Despite my feeble protest, he’s already draping it over my shoulder, and the warmth hits me in an instant. The fabric is soft and well-worn, and it carries his scent. Something clean and masculine mixed with woodsmoke and a hint of whatever soap he found. It’s comforting in a way that makes my chest tighten. Safe. Like being wrapped in his arms again when I tried so hard not to fall apart.

“I tore a piece off the bottom to press against your head,” I explain, tugging at the ragged hem of my shirt. “When you got blown backward by your own molotov. You were bleeding, and I was trying to stop…um…”

“You were trying to keep me from bleeding out,” he finishes quietly, his black, cold eyes softening. Something shifts in his expression. Before I can respond, he leans over and presses a gentle kiss to my cheek, his lips warm against my skin. “Thank you,” he murmurs against my hair. “For not letting me die.”

My breath catches, and heat floods my cheeks.

“Better,” he says, settling back down beside me now in only his black tank that does nothing to hide the sculpted lines of his body and those arms that held me together this morning.

I pull the flannel closer around me, breathing in that distinctive scent that’s purely him. My cheek still tingles from his kiss. “Thanks.”

“Anytime, purple,” he says, then continues talking with Jace about something I can’t focus on.
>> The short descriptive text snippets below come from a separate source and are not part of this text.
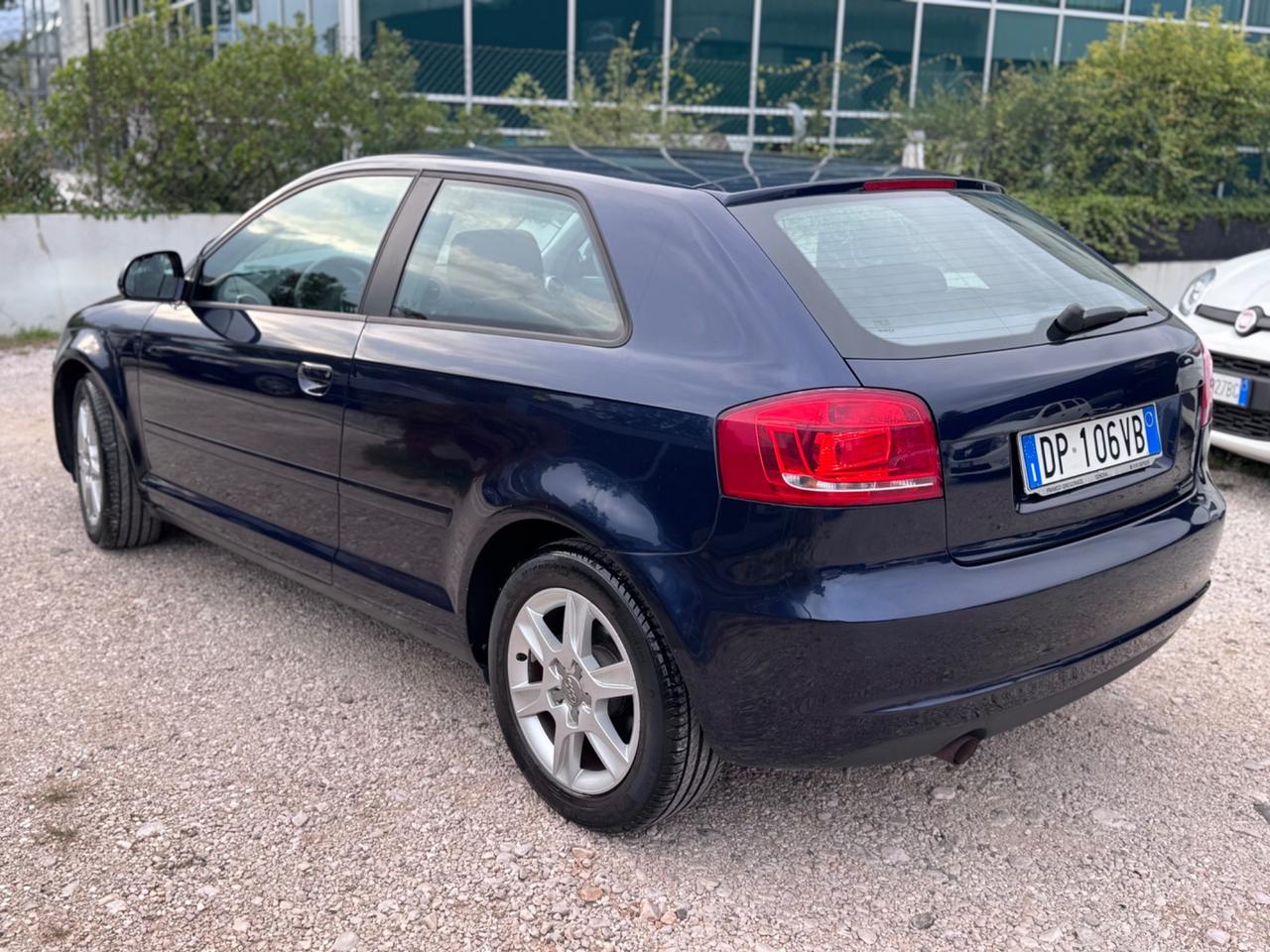Audi A3 1.6 Benzina Neopatentati - Frizione e cinghia fatti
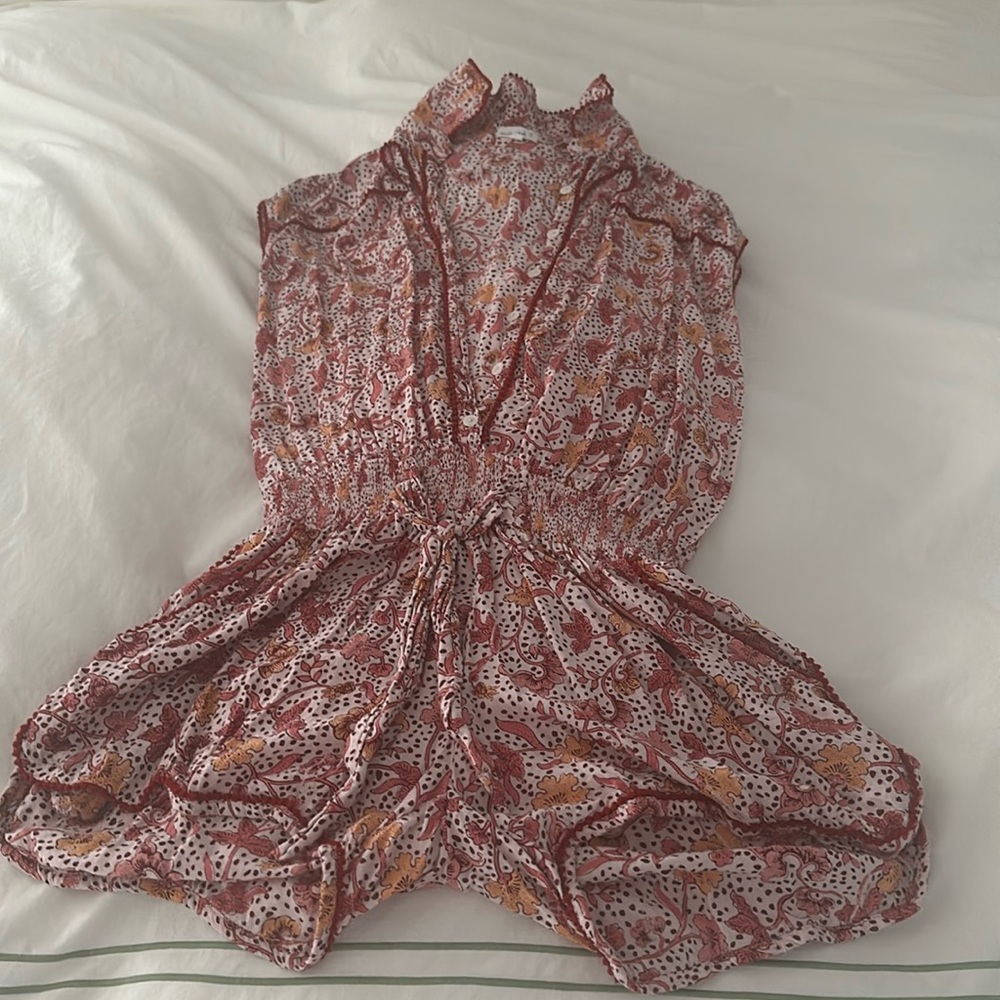 Beautiful Poupette Romper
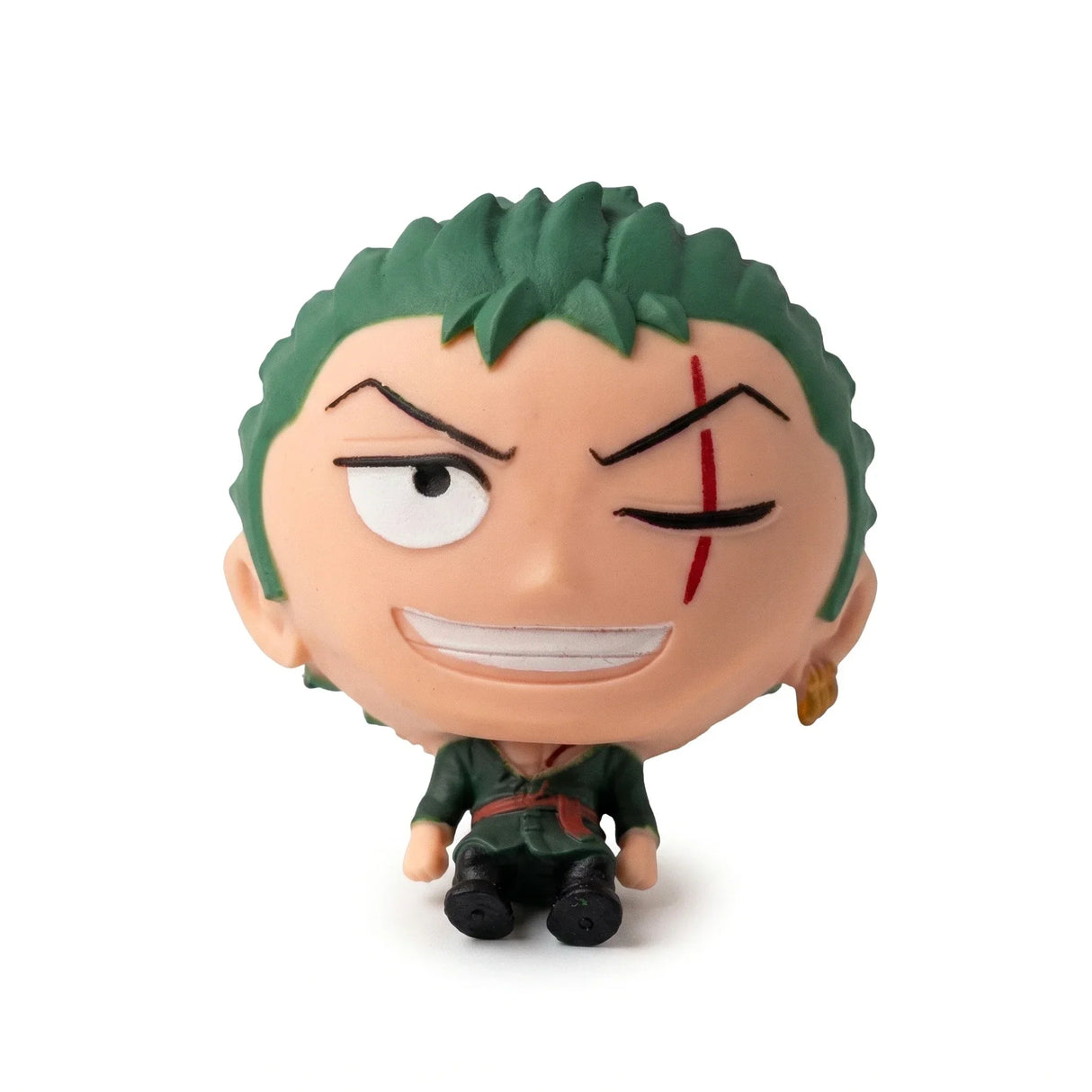 HeroPop One Piece - Zoro (10 cm) - Figurine déformable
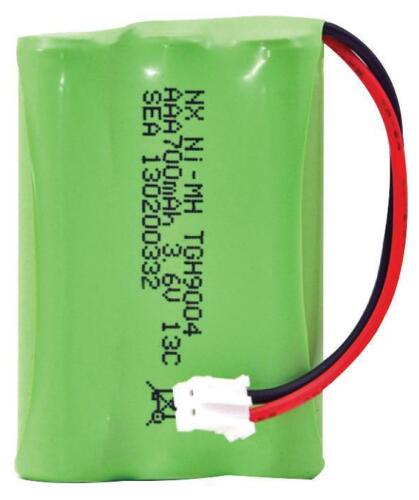 TGH9004 Enix Energies Rechargeable Battery NMH 700 Mah 3.6 V 3 X AAA Wire Leads - Picture 1 of 1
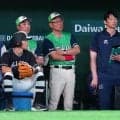 【ヤクルト】池山監督「もう一度みんなで力を合わせて頑張っていかないと」後半戦１勝８敗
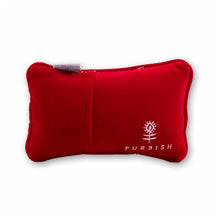 Load image into Gallery viewer, Santa Baby Mini Needlepoint Pillow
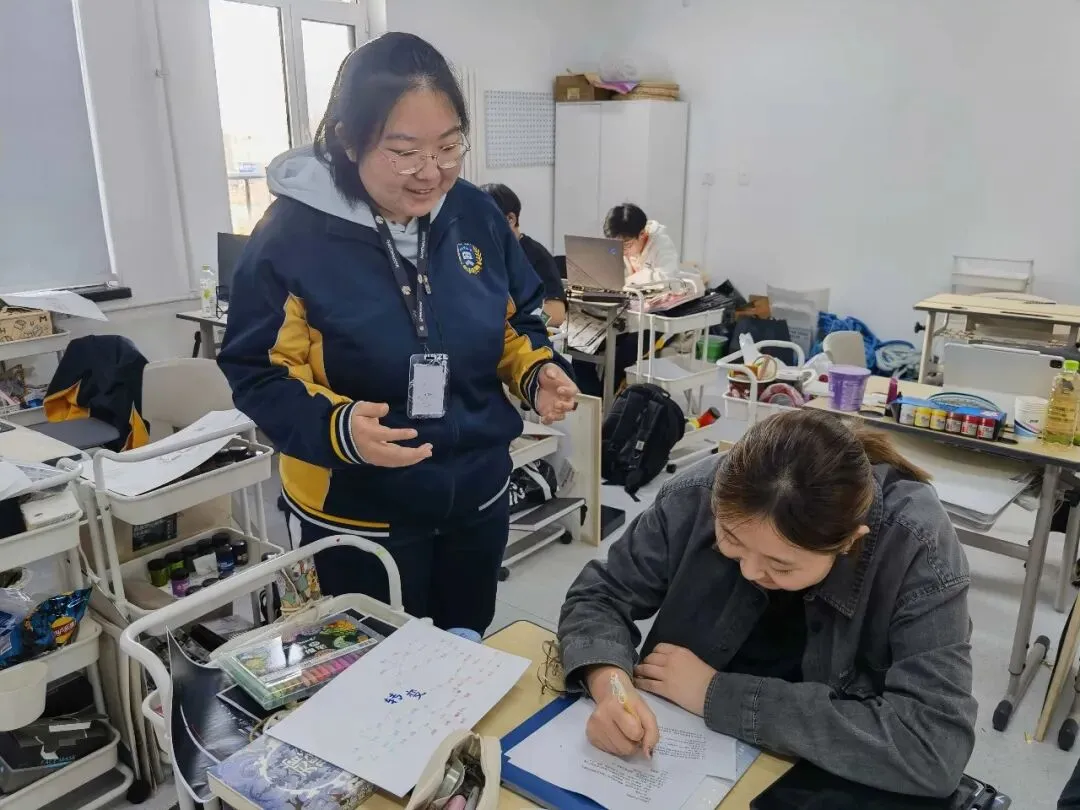 中考普高线边缘,逆袭伦艺、提赛德游戏:我在艺高找到自己节奏-第7张图片-四季读书网 中考普高线边缘,逆袭伦艺、提赛德游戏:我在艺高找到自己节奏-第7张图片-四季读书网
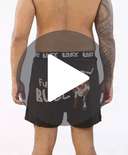 Full of Bull Men's Funny Boxer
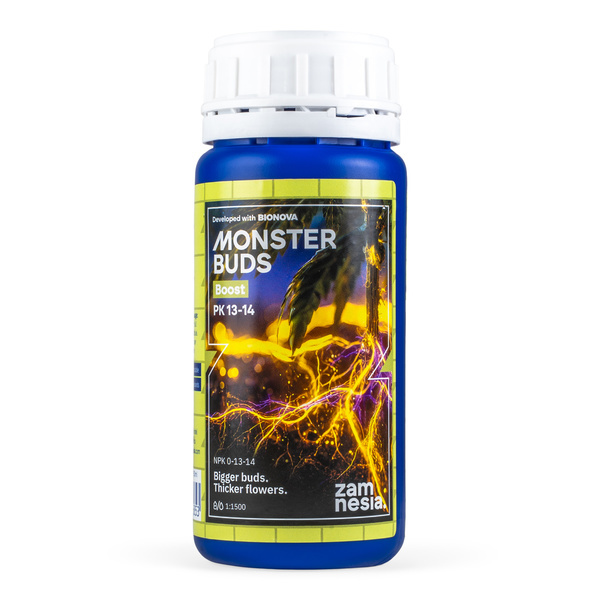 PK 13-14 – Monster Buds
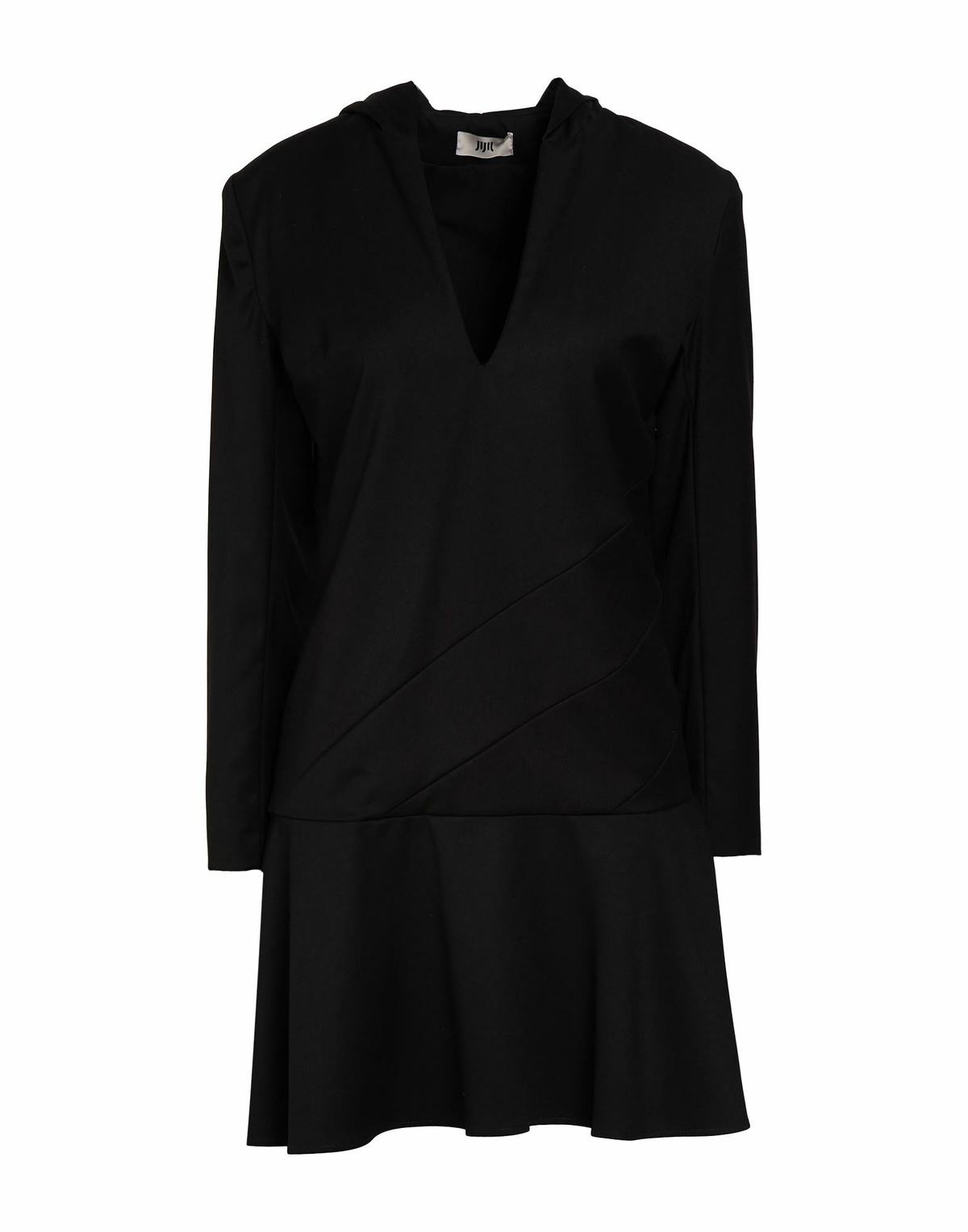 Jijil Womens Mini dress in Black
I glance at Mars again. It’s meant to be quick, but my gaze lingers. He’s focused on his food, sitting with one leg bent and his elbow resting on his knee. His black tank clings to his chest and arms, his sleeves high enough to show off biceps that make my brain skip. Those same muscular arms held my pieces together this morning. His jet-black hair pulls into a low bun that somehow brings out the darknessof his eyes. He licks the soup from his thumb with a quick swipe that doesn’t totally kill the moment. Not until he opens his mouth to speak.